Fortunately for me, I am not a mathematician, but a cricket fan, and this is why I am unlike most of the number crunchers. I do not fit Mark Twain's glib observation that "a statistician is a mathematician broken down by age and sex".
And before anyone else comments, I still maintain my teenage love for figures, but not necessarily numbers, and certainly not statisticians, although they can help shed light on some phenomena, including cricket as conducted under the auspices of the West Indies Cricket Board (WICB).
We say "the figures don't lie", and yet we accept, as Lord Disraeli, the former British prime minister, is reputed to have said, "There are lies, damn lies, and statistics." Following Mark Twain, Stephen Leacock, the Canadian humorist, quipped, "In earlier times, they had no statistics so they had to fall back on lies."
Another humorist stated that "97.3 per cent of all statistics are lies." However, the remaining 2.7 per cent give some interesting information. For example, three out of four Barbadians make up 75 per cent of the population of Barbados. A person can have his head in the oven and his feet in a bucket of ice and on average will feel fine. Experience teaches us if there is a 50-50 chance that something can go wrong, then nine out of ten times it will.
Perhaps the best example of how statisticians and statistics work is the story about three statisticians who went out hunting and came across a large deer. The first statistician fired, but missed by a metre to the left. The second statistician fired, but missed by a metre to the right. The third statistician didn't fire, but shouted in triumph, "On the average, we got it!"

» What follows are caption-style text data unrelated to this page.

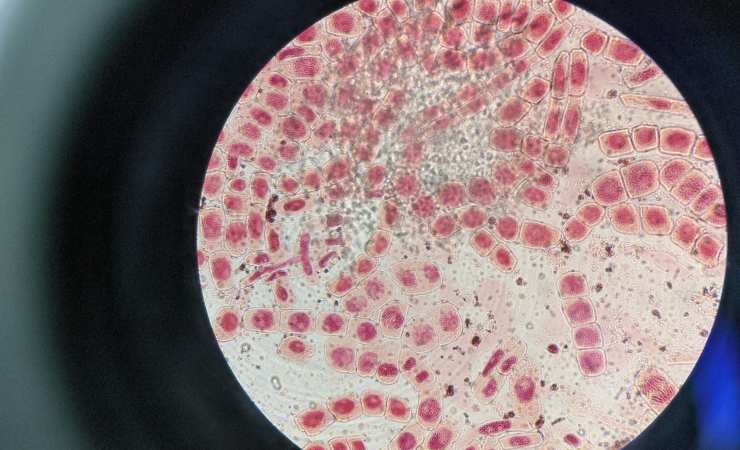 Cellule staminali (Canva foto) - www.biomedicalcue.it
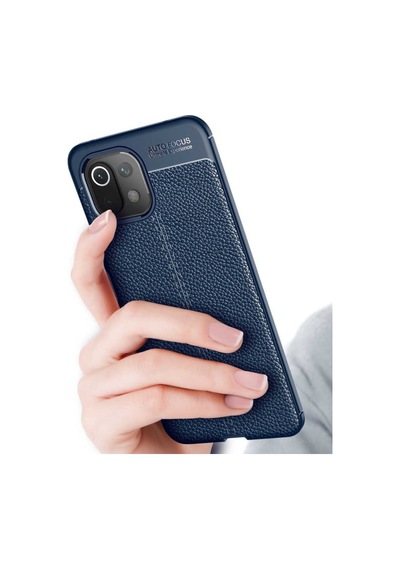 Xiaomi Mi 11 Lite Kılıf Deri Tarzı Niss Silikon Case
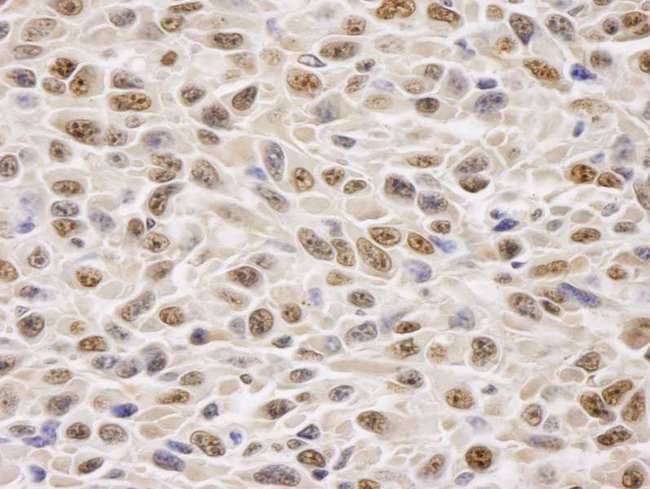 GAPDH Antibody - Detection of Mouse GAPDH by Immunohistochemistry. Sample: FFPE section of mouse squamous cell carcinoma. Antibody: Affinity purified rabbit anti-GAPDH used at a dilution of 1:250. Detection: DAB staining using anti-Rabbit IHC antibody at a dilution of 1:100.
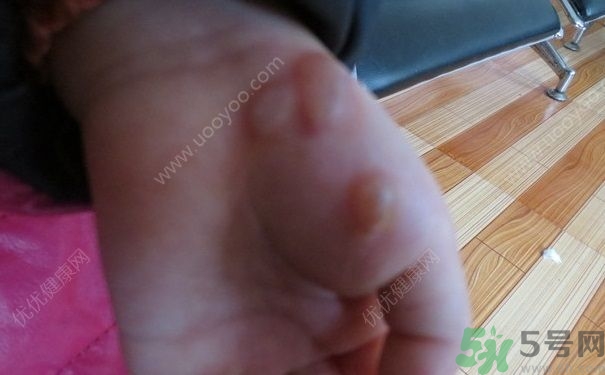 15歲還會得手足口病嗎？手足口病的癥狀有哪些？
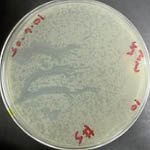phage plate with plaques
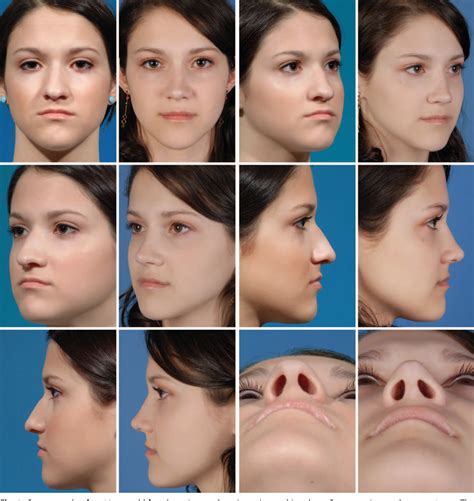 Figure From Decreasing Nasal Tip Projection In Rhinoplasty Special
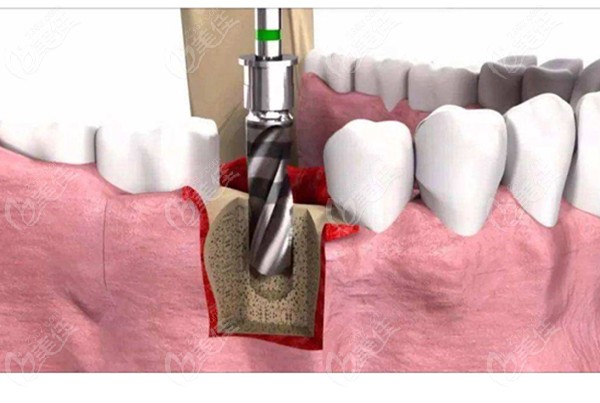 种植牙的植入过程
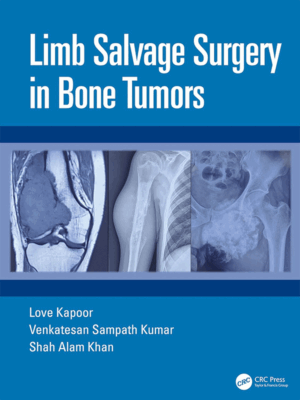 Limb Salvage Surgery in Bone Tumors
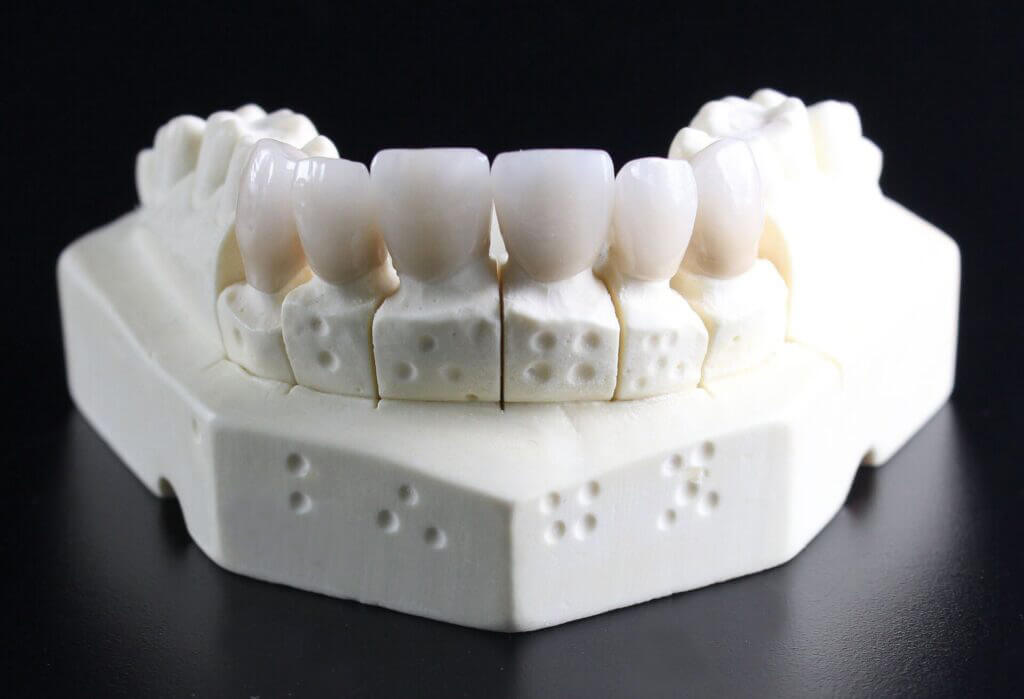 dentures 759929 1920 1 1024x699 1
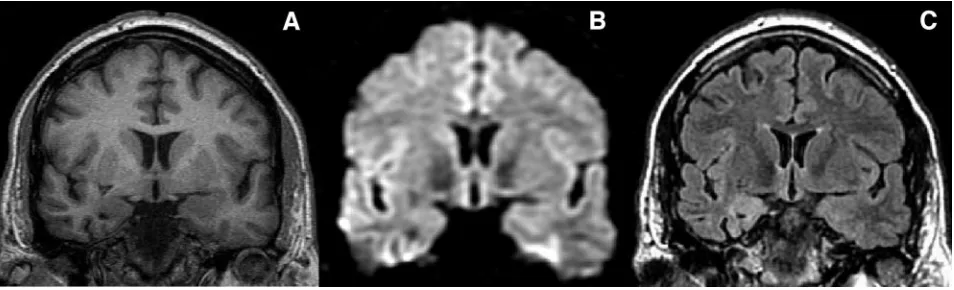 Fig 3. Tilted coronal sections from a patient with right HS illustrating the morphologic (diffusion-weighted image (A) and signal intensity (C) characteristics of a damaged right hippocampus
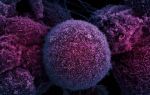 Лечение раковых образований на яичнике код мкб 10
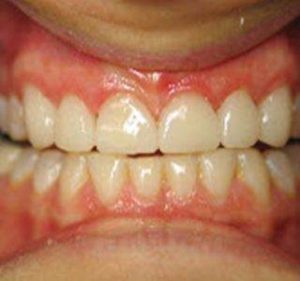 smile1_after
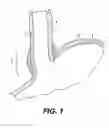 Fig. 02 - Tissue fasteners and related deployment systems and methods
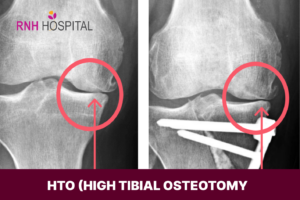 HTO-High Tibial Osteotomy | RNH Hospital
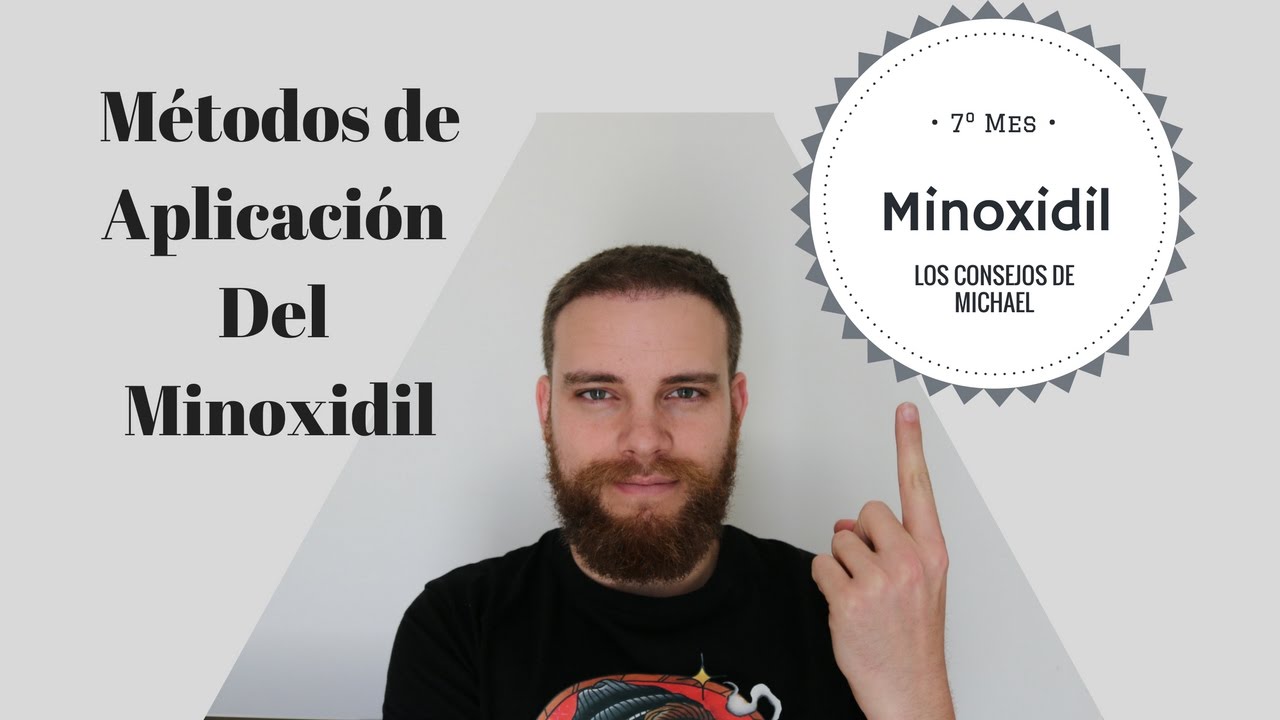 7&ordm; Mes con Minoxidil en la BARBA. M&eacute;todos de aplicaci&oacute;n.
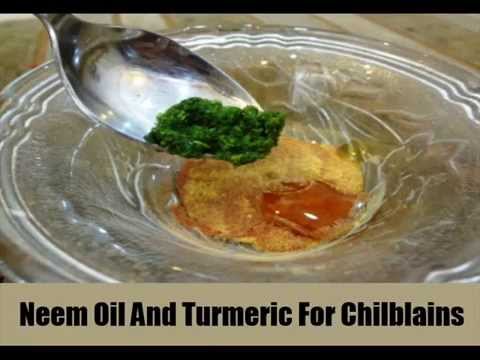 how to cure chilblains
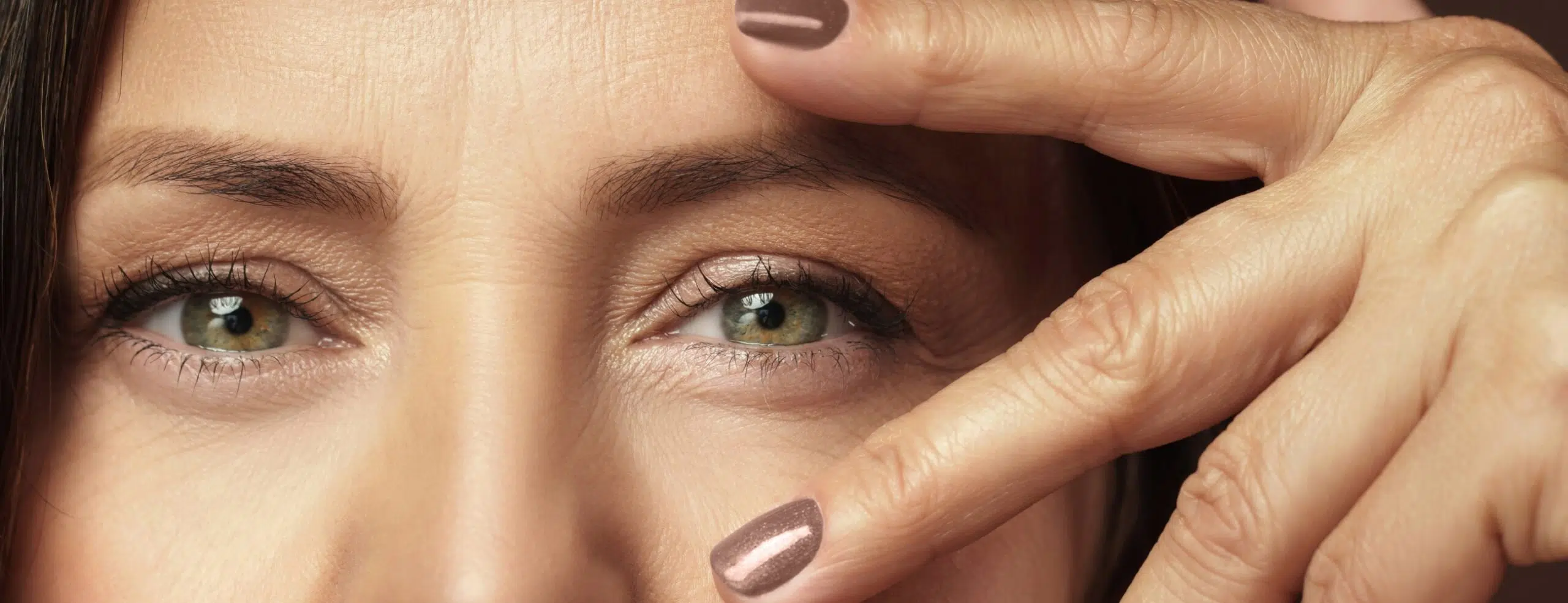 Ectasie cornéenne prévention Paris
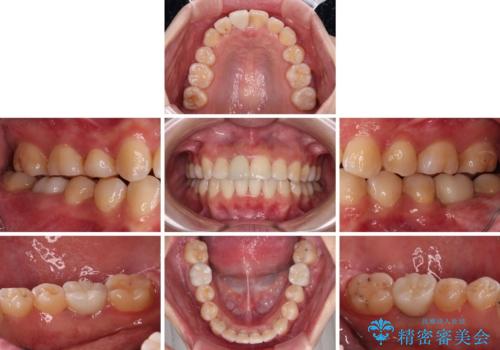 虫歯と抜いたままの奥歯とデコボコの前歯 総合歯科治療の治療後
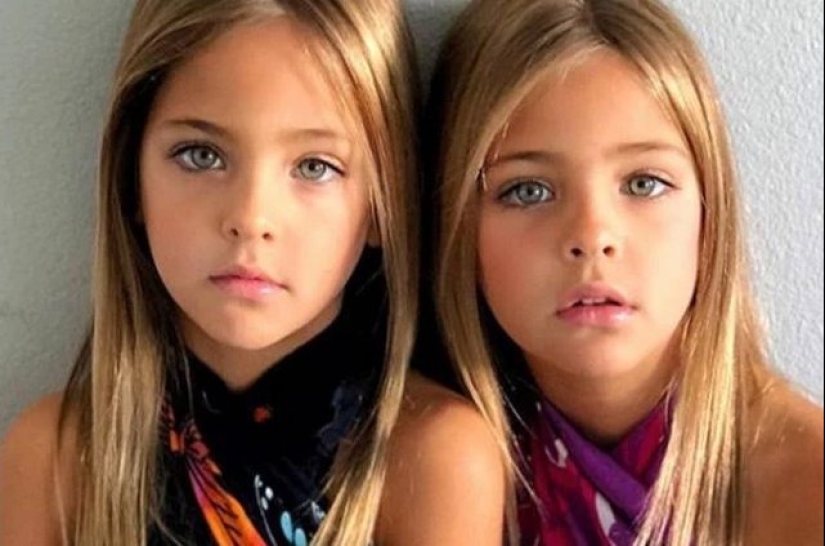 The most beautiful twins in the world: their life many years after gaining fame and fame The most beautiful twins in the world: their life many years after gaining fame and fame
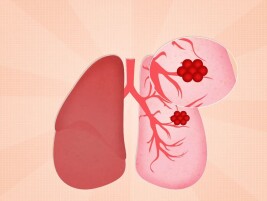 想要远离肿瘤，预防很重要！97岁院士公开六条防癌养生秘诀，最后一条太多人忽略了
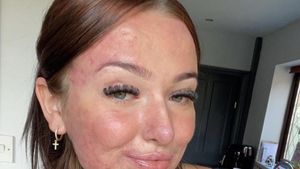 Foto: Influencer dengan Jerawat Semuka, Dipuji Berani Pamer Ketidaksempurnaan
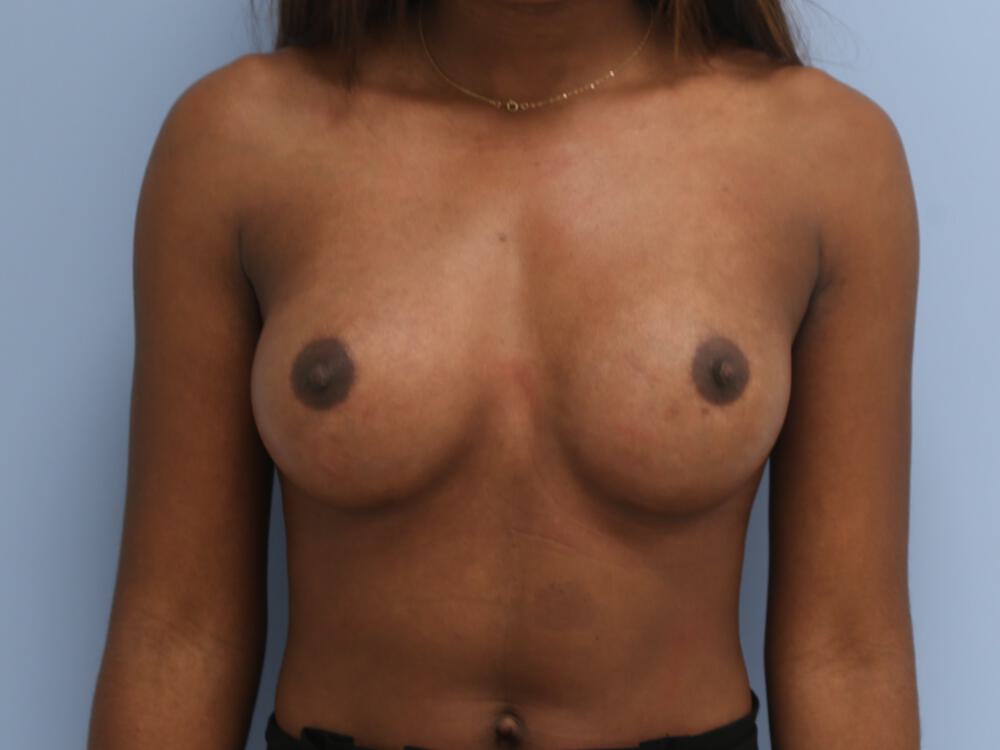 Breast augmentation Before & After Image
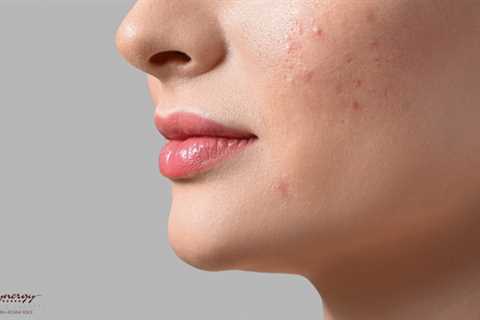 Top 5 Medspa Treatments for Acne-Prone Skin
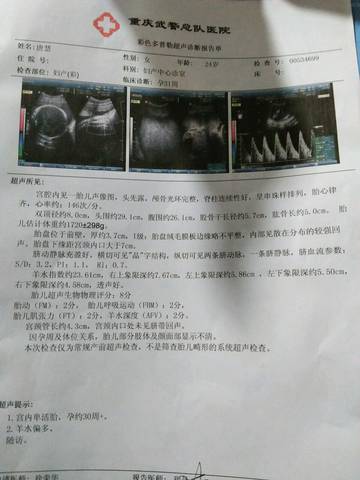 journal_insert_pic_677800903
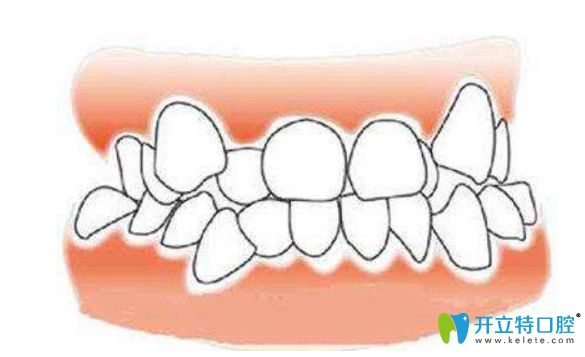 牙齒擁擠怎么矯正？一定要拔牙才能矯正嗎？
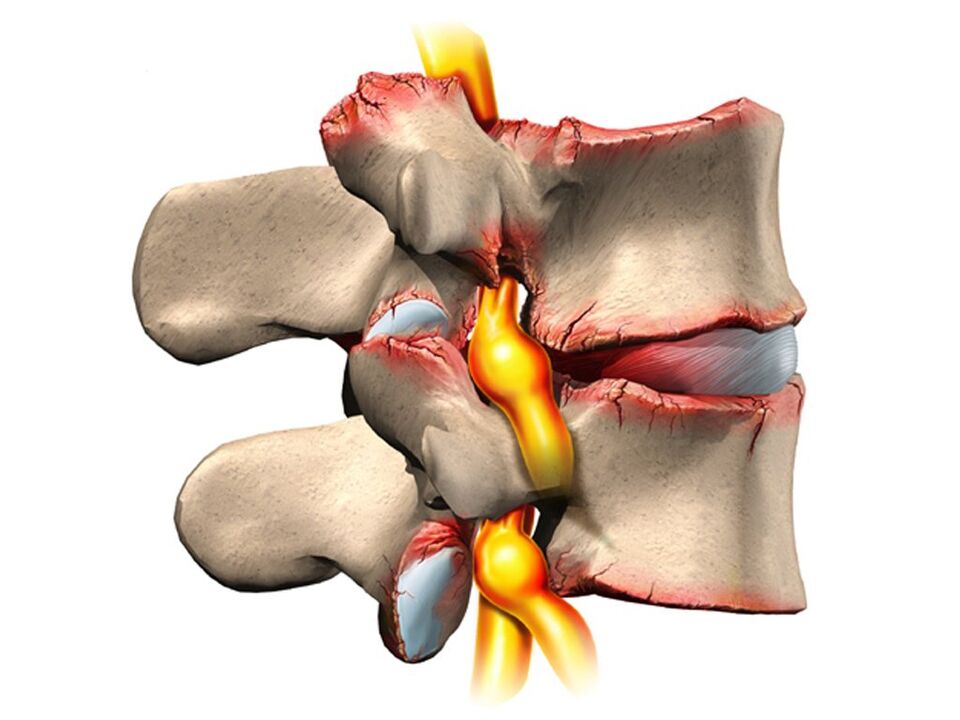 травма позвоночника при остеохондрозе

Despite these extremely cynical observations from mean-spirited critics, when it comes to cricket, I trust the figures. Wisden, the famous British cricket publication, and its website espncricinfo.com, has demonstrated that cricket is literally a numbers game and that the statistics do matter. The combined batting averages of the 11 players who represented the WICB in the final one-day international (ODI) match in the series against Pakistan in Guyana last Tuesday, April 11, 2017, is 221.44. The batting average of the Pakistan team which played that game is 301.32. The West Indies made 233 for nine wickets, or just 12 runs above average. Pakistan scored 236 for four wickets, which is about 13 runs higher than the combined averages of the six players who batted for Pakistan. As an old gambler once told me, "The race is not always to the swift, nor the battle to the strong, but that is the way to bet." Those who bet with statistics would have lost one and won two bets on the ODIs.
So what made the WICB win the first game of the series, successfully breaking the record for run chases by scoring 309 in reply to Pakistan's 308? Jason Mohammed, whose average is 41.28, made 91 runs or more than twice his average. Powell scored 61, also more than doubling his average of 25.97. Pakistan, in fact, made about seven runs more than their average but the fact that two batsmen from the WICB's team performed much better than average changed the outcome of the match. The downside of this is that after 25 matches, averages generally remain around the same figure so that when you exceed your average in one game, say by scoring a century when your average is 20, you can expect many low scores afterwards.
Good news
The good news is that averages can improve with changes in leadership and team selection. However, there are four Ps in team selection and one of them is the killer. The first P is 'performance', and if you follow that, you will do well. The second 'P' is 'potential', and that will work as a philosophy if you have a judicious blend with performance.
The third P is for 'playing conditions' or even 'pitch' conditions, which would mean that you pick horses for courses. The one that destroys them all and has always been the most powerful 'P' in West Indies cricket, especially under the WICB, is 'politics'.
For example, can anyone explain to me why Chadwick Walton, who is almost 32 years old with an average in ODIs of 7.57, was chosen for all three ODI matches? If we look at the bowlers, Jason Holder, the captain and one of the top bowlers, has an average of 32.9 per wicket. If he gets 10 wickets in a match the opponents will, on average, score 329 runs, or about one hundred runs more than the batting average of the WICB's team.
Ashley Nurse has an excellent bowling average in ODIs of 24.35, but if he gets all the wickets in a match, the WICB's team will still lose. Jason Mohammed, reputedly an all-rounder, has been hit for 103 runs without taking a wicket in ODIs. Jonathan Carter, another all-rounder, goes for 44.66 runs per wicket. It can, and will, get worse, especially with the present selection panel. If you include 'parochialism' and 'pressure' among the Ps, you have the present situation a team which, to win a series, needs to play against opponents who cannot make more than 220 runs per ODI.
- Tony Deyal was last seen saying that statistics are so weird that three per cent exceeds two per cent not by one per cent, but by 50 per cent.